→ **Exercise objective**:
Set down the entries below exactly; drop the pictures.

+++ Extracted information

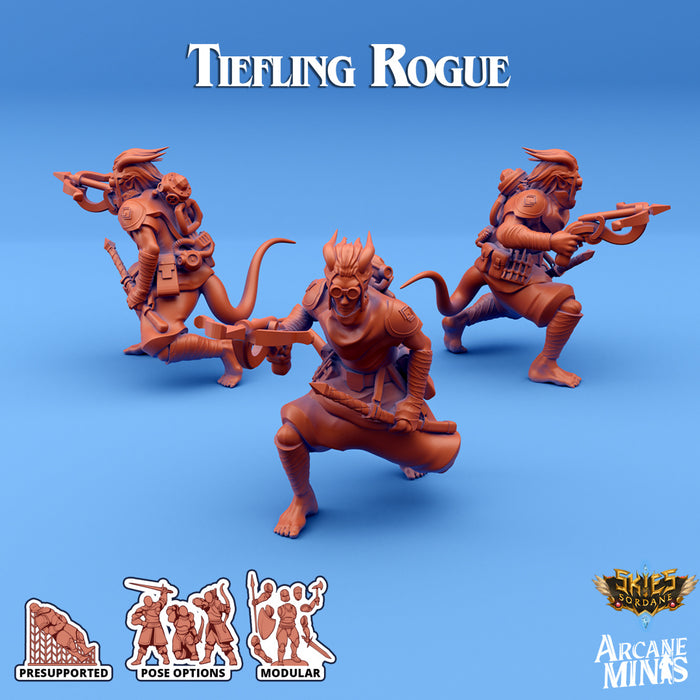 Tiefling Rogue B | Skies of Sordane | Fantasy Miniature | Arcane Minis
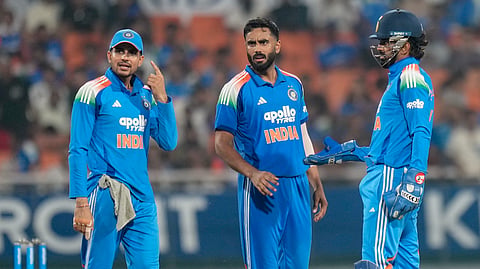 Mullanpur: India's captain Shubman Gill, Naman Dhir, K L Rahul interacts for the decision of a DRS for the wicket of West Indies' Sherfane Rutherford
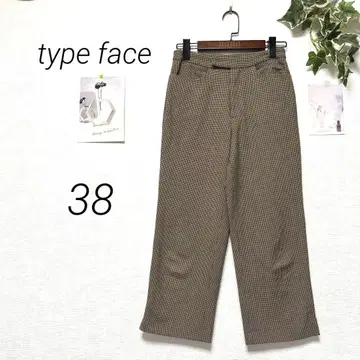 9646 type face 천장 격자 무늬 크롭 팬츠 사이즈 38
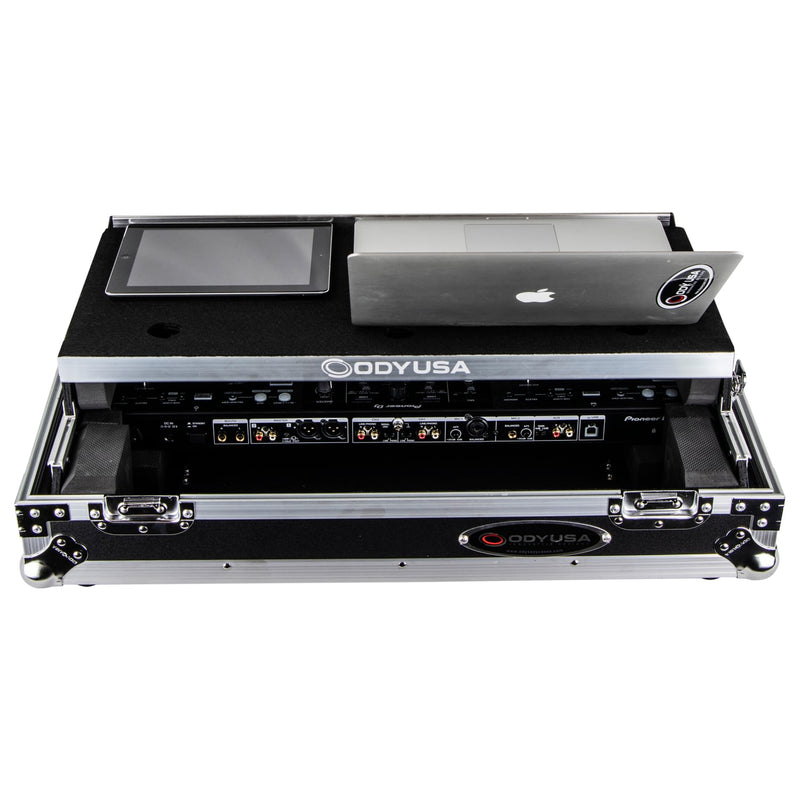 Odyssey FZGSPIDDJ8001 Pioneer DDJ-800 Flight Case w/Bottom 1U Rack Space and Glide Platform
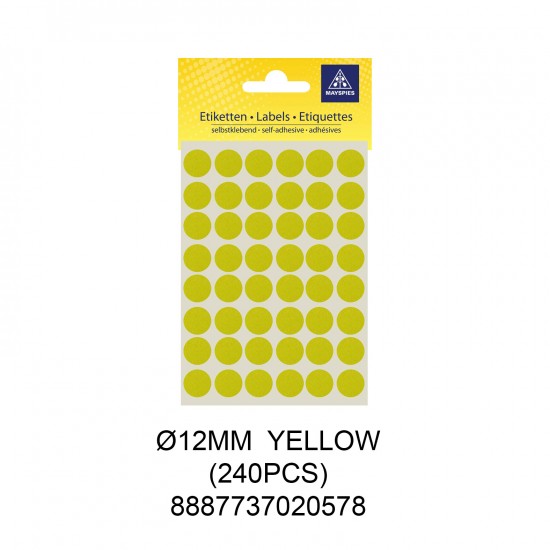 MAYSPIES MS012 COLOUR DOT LABEL / 5 SHEETS/PKT / 240PCS / ROUND 12MM YELLOW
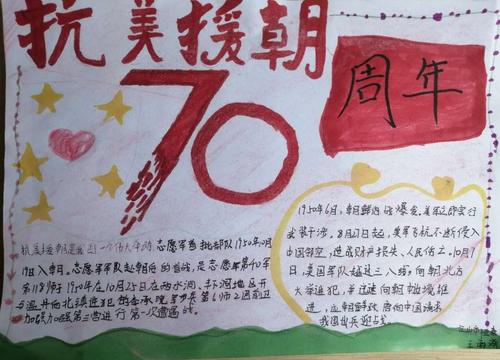 衢州市红领巾学院第九假日小队为纪念抗美援朝70周年手抄报展示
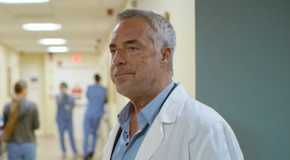 Harry Bosch (Titus Welliver) poses as a hospital worker with an injured face on Bosch: Legacy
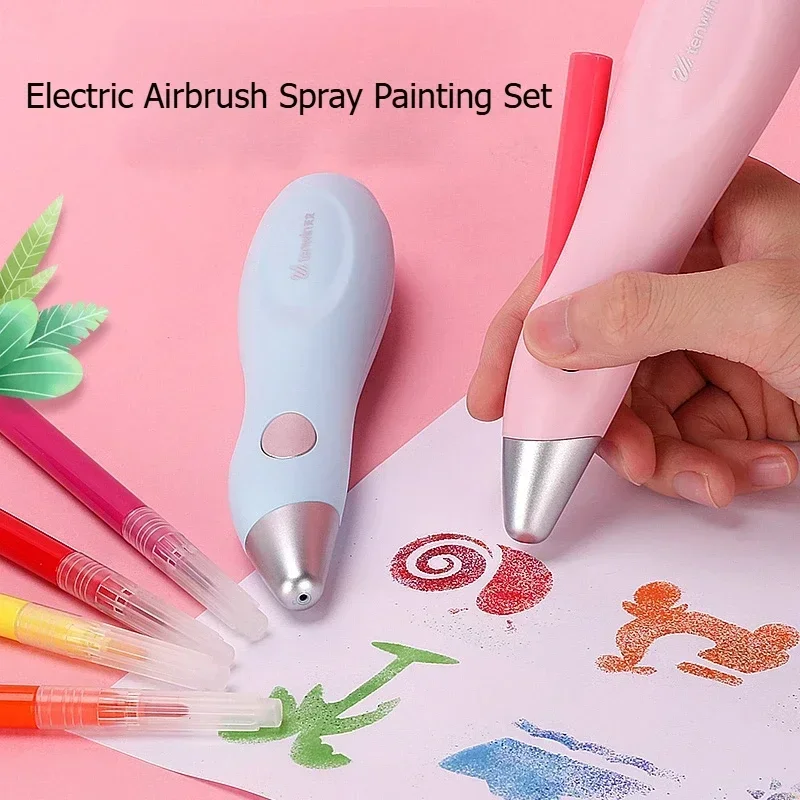 TENWIN Electric Airbrush Spray Painting Set With 12 Markers, Stencils, Charging Cable, Arts Crafts Gift Set for School Coloring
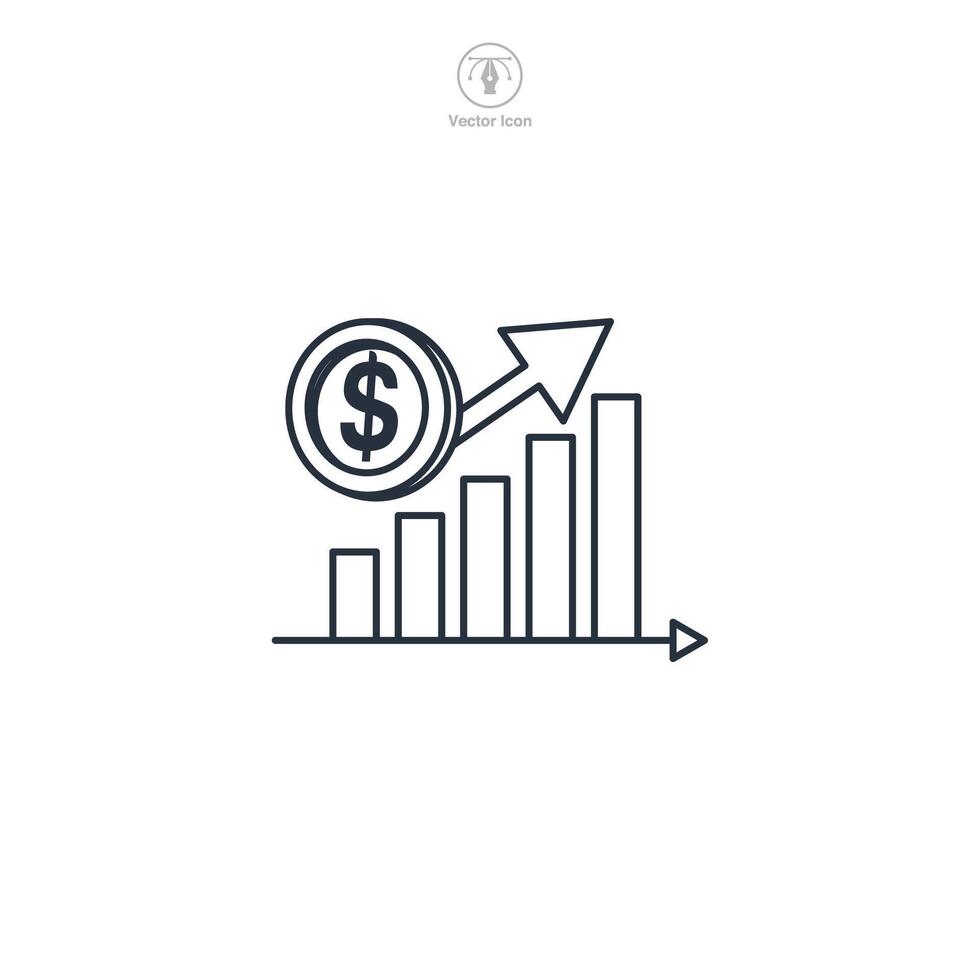 increase money growth Icon. Business Financial theme symbol illustration isolated on white background vector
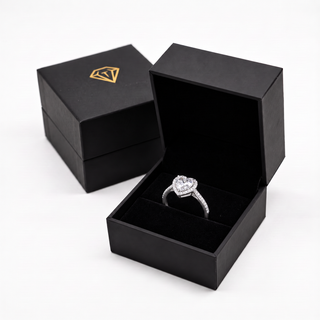Delicate Halo Heart Ring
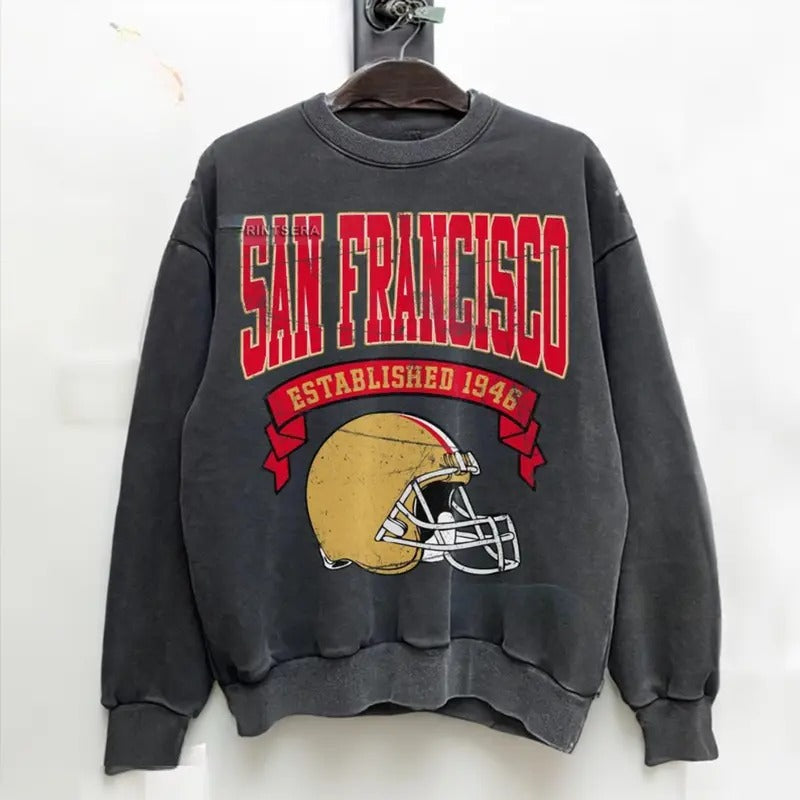 San Francisco Football Vintage Sweatshirt, Unisex Classic Fit T-Shirts, Hoodie | RetroVerseTees.com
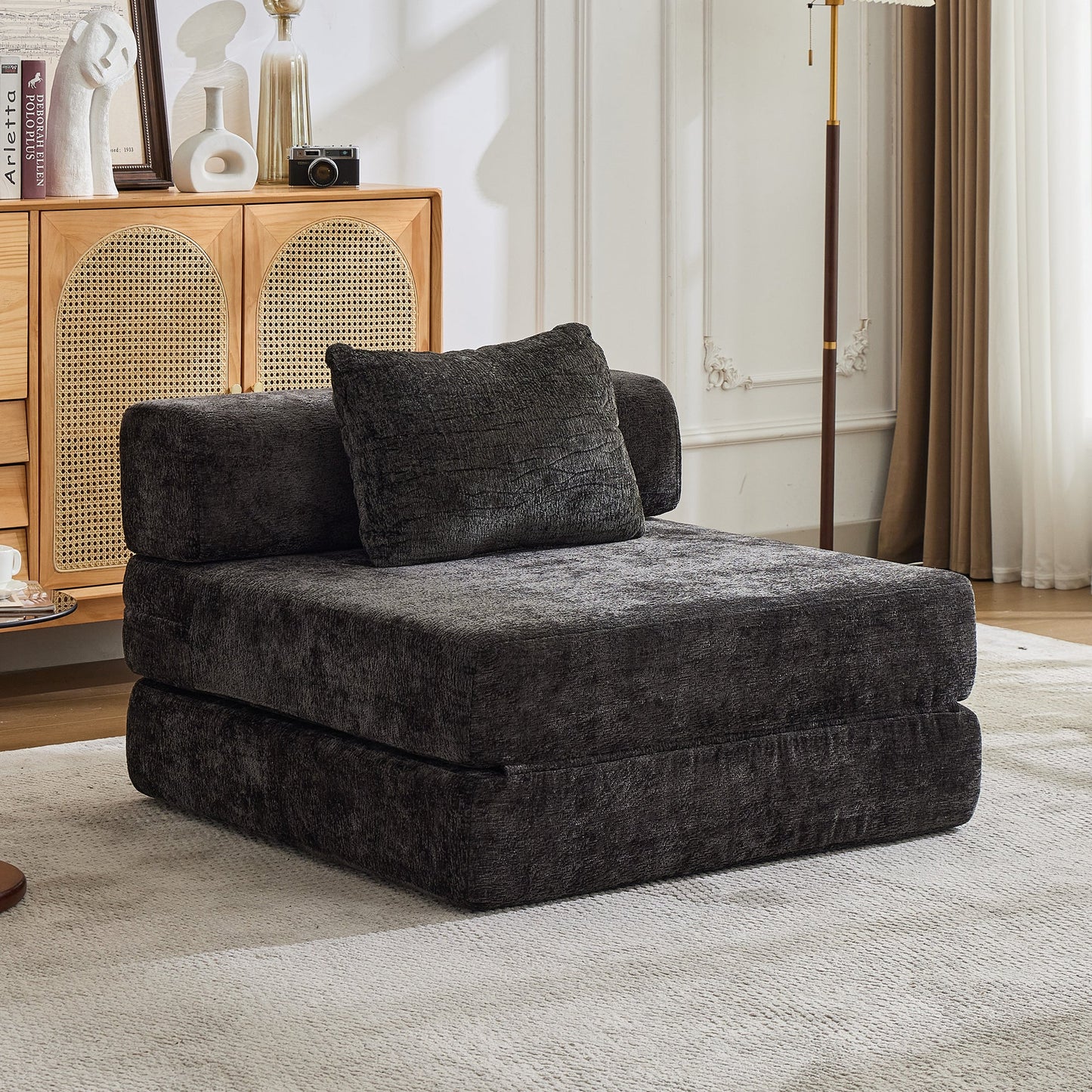 NEW Compression Black Chenille Fabric Convertible Single Seater Boneless Modular Sectional Sofa with Fixed-Shape Frame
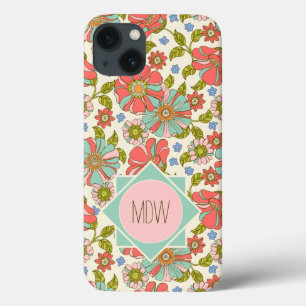 Case-Mate iPhone Case Pink Aqua les années 70 Retro Floral Personnalisé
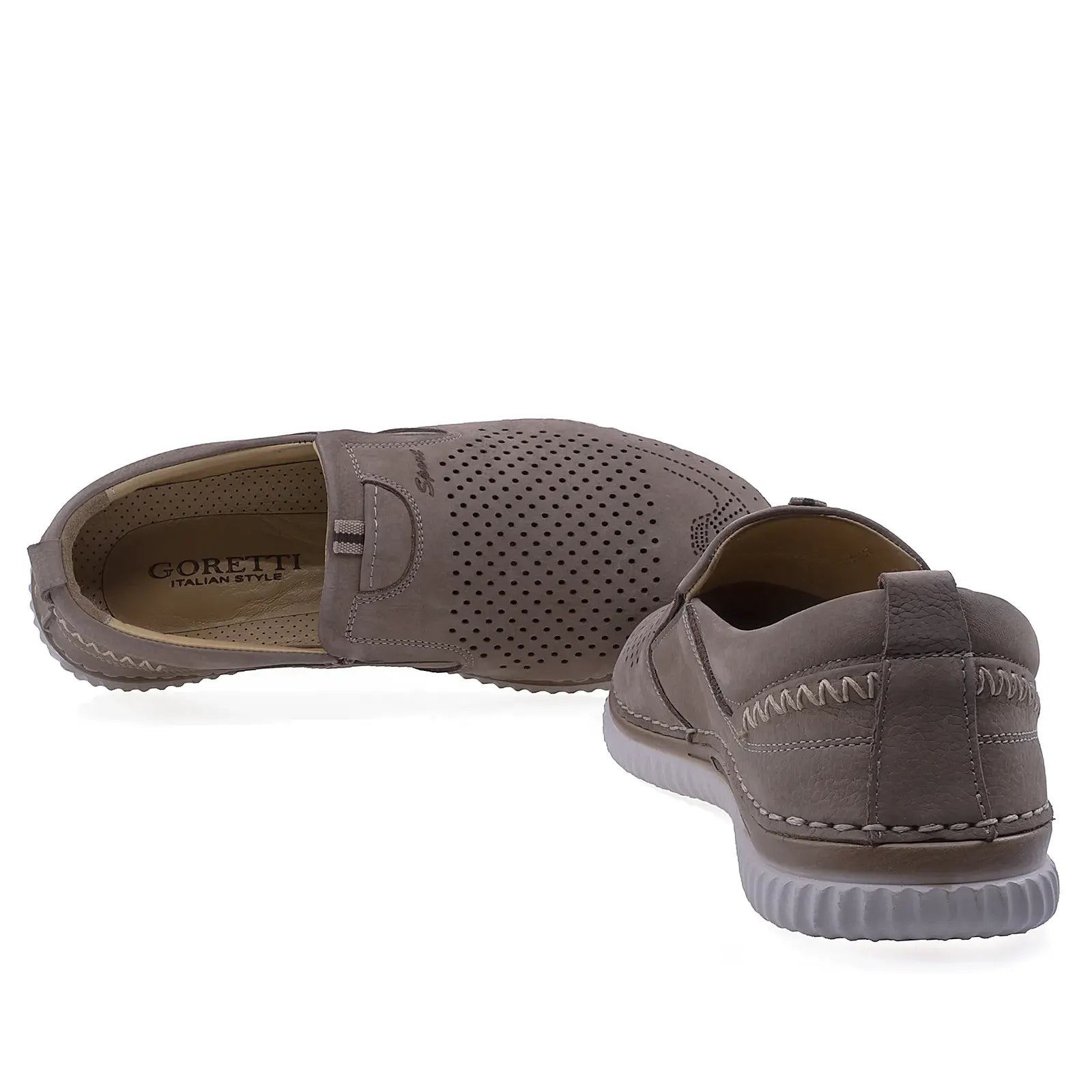 Pantofi barbati casual Goretti piele nabuc B41-1045 gri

++++++

→ **Task response**:
 Tiefling Rogue B | Skies of Sordane | Fantasy Miniature | Arcane Minis
 Mullanpur: India's captain Shubman Gill, Naman Dhir, K L Rahul interacts for the decision of a DRS for the wicket of West Indies' Sherfane Rutherford
 9646 type face 천장 격자 무늬 크롭 팬츠 사이즈 38
 Odyssey FZGSPIDDJ8001 Pioneer DDJ-800 Flight Case w/Bottom 1U Rack Space and Glide Platform
 MAYSPIES MS012 COLOUR DOT LABEL / 5 SHEETS/PKT / 240PCS / ROUND 12MM YELLOW
 衢州市红领巾学院第九假日小队为纪念抗美援朝70周年手抄报展示
 Harry Bosch (Titus Welliver) poses as a hospital worker with an injured face on Bosch: Legacy
 TENWIN Electric Airbrush Spray Painting Set With 12 Markers, Stencils, Charging Cable, Arts Crafts Gift Set for School Coloring
 increase money growth Icon. Business Financial theme symbol illustration isolated on white background vector
Delicate Halo Heart Ring
 San Francisco Football Vintage Sweatshirt, Unisex Classic Fit T-Shirts, Hoodie | RetroVerseTees.com
 NEW Compression Black Chenille Fabric Convertible Single Seater Boneless Modular Sectional Sofa with Fixed-Shape Frame
 Case-Mate iPhone Case Pink Aqua les années 70 Retro Floral Personnalisé
 Pantofi barbati casual Goretti piele nabuc B41-1045 gri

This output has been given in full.